__Directions for this task__:
Nothing but the lines below from the one with "Fully equipped and" through the one with "2017 Jaguar F-Pace - мініатюра 4" should be output, each exactly as given, and no pictures.

__Dataset__:

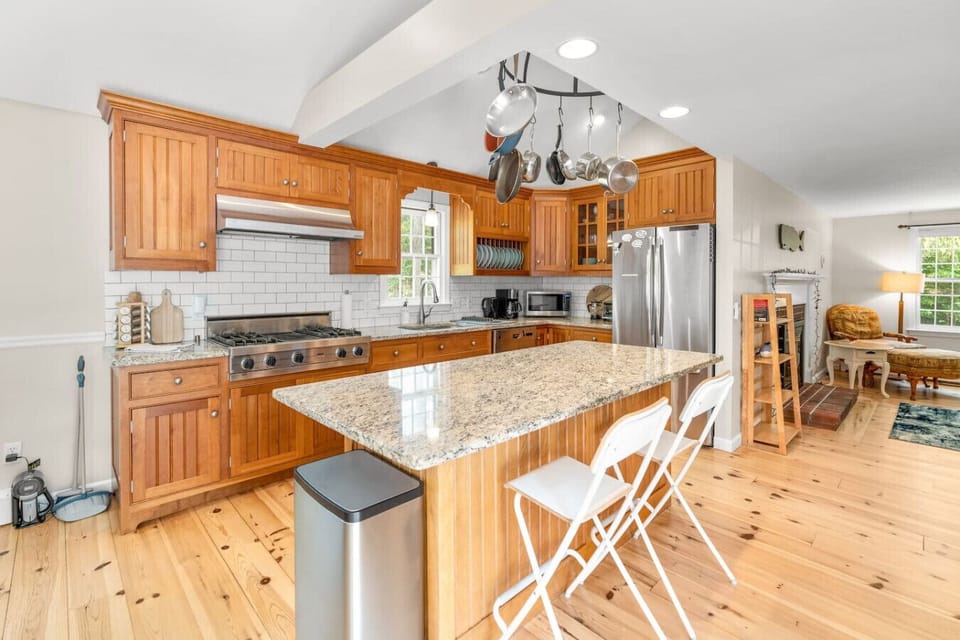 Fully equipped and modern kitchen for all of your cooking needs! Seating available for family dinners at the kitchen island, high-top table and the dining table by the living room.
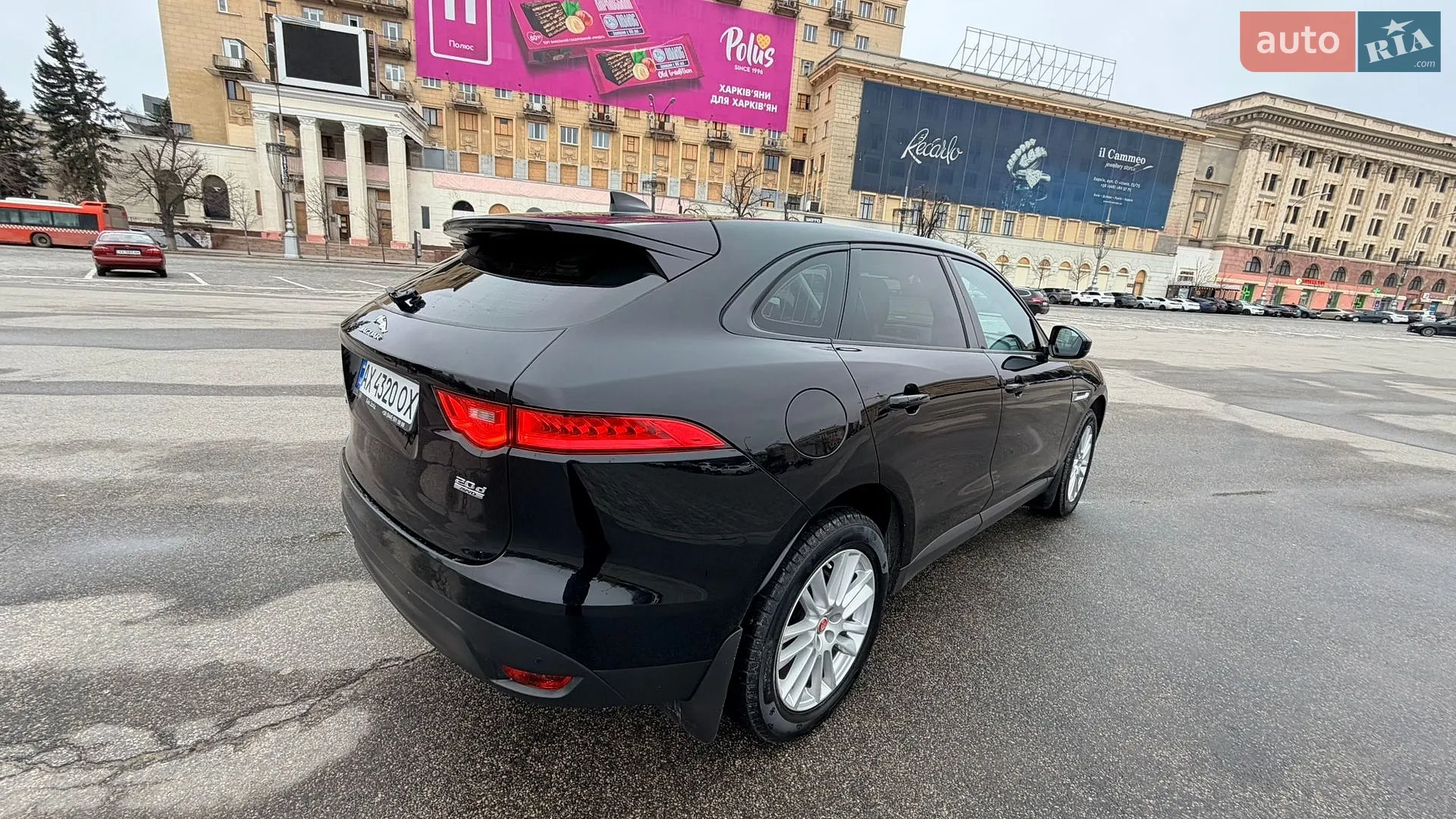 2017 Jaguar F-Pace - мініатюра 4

==

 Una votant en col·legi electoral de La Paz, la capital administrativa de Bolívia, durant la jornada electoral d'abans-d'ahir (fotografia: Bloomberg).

* * *

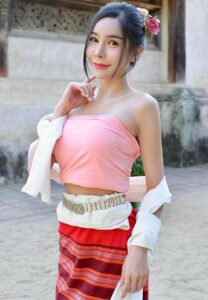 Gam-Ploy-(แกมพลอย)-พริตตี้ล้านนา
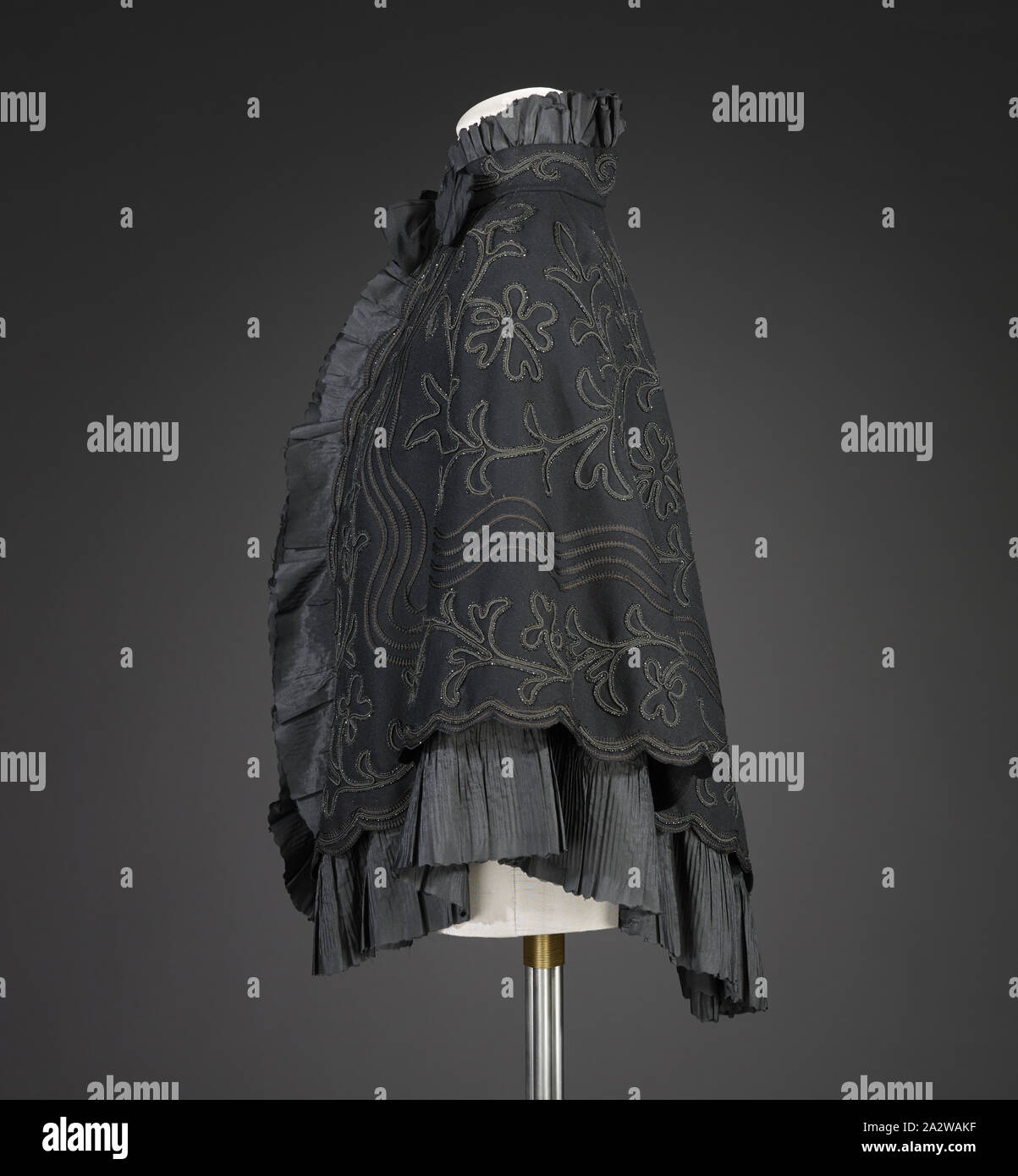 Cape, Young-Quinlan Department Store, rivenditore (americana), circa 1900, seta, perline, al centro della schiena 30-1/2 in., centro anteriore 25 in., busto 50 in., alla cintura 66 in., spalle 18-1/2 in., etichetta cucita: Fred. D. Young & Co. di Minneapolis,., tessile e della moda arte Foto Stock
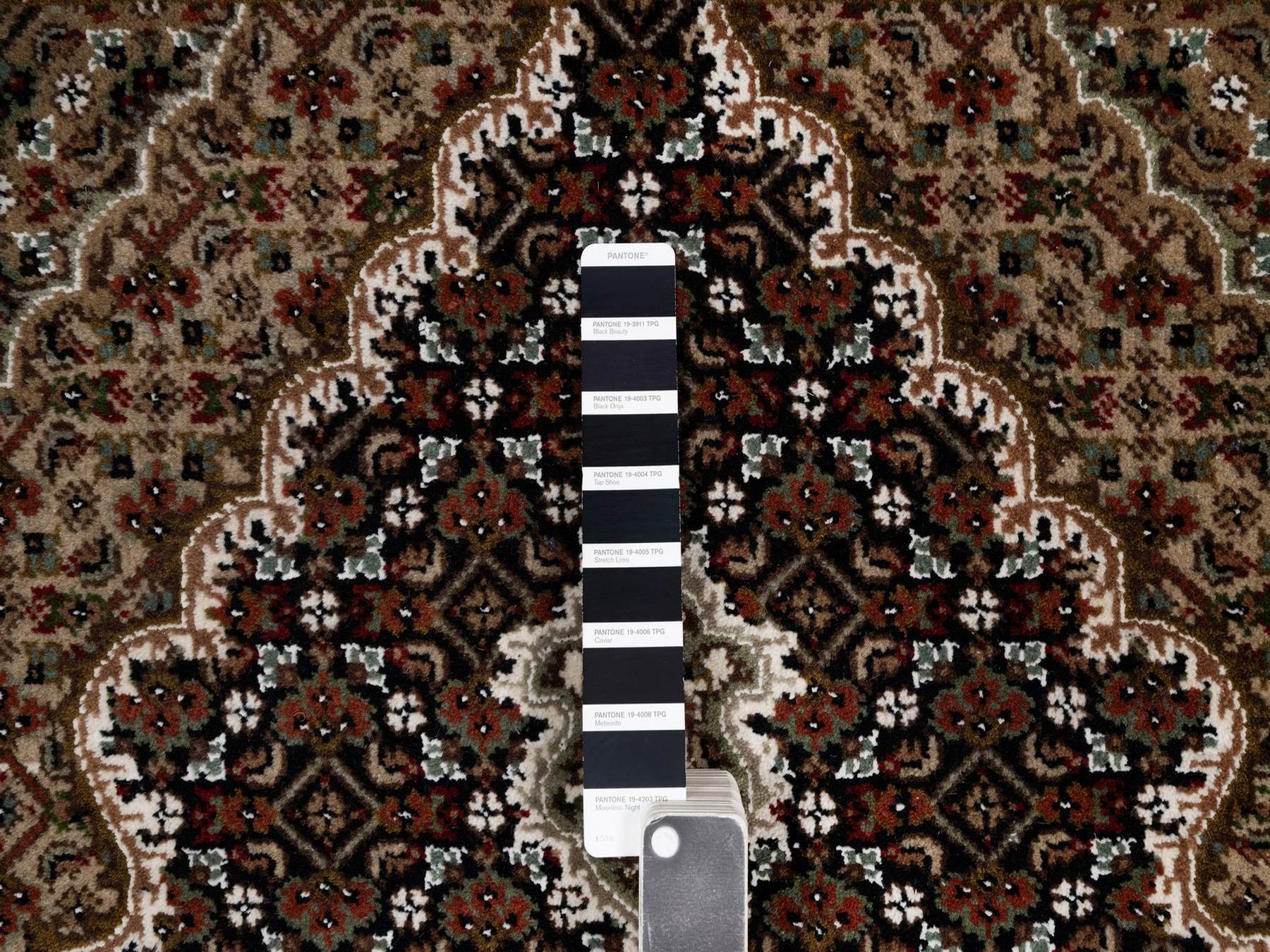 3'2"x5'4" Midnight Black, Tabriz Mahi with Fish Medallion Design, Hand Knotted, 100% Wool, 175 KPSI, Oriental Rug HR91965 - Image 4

__The answer__:
 Fully equipped and modern kitchen for all of your cooking needs! Seating available for family dinners at the kitchen island, high-top table and the dining table by the living room.
 2017 Jaguar F-Pace - мініатюра 4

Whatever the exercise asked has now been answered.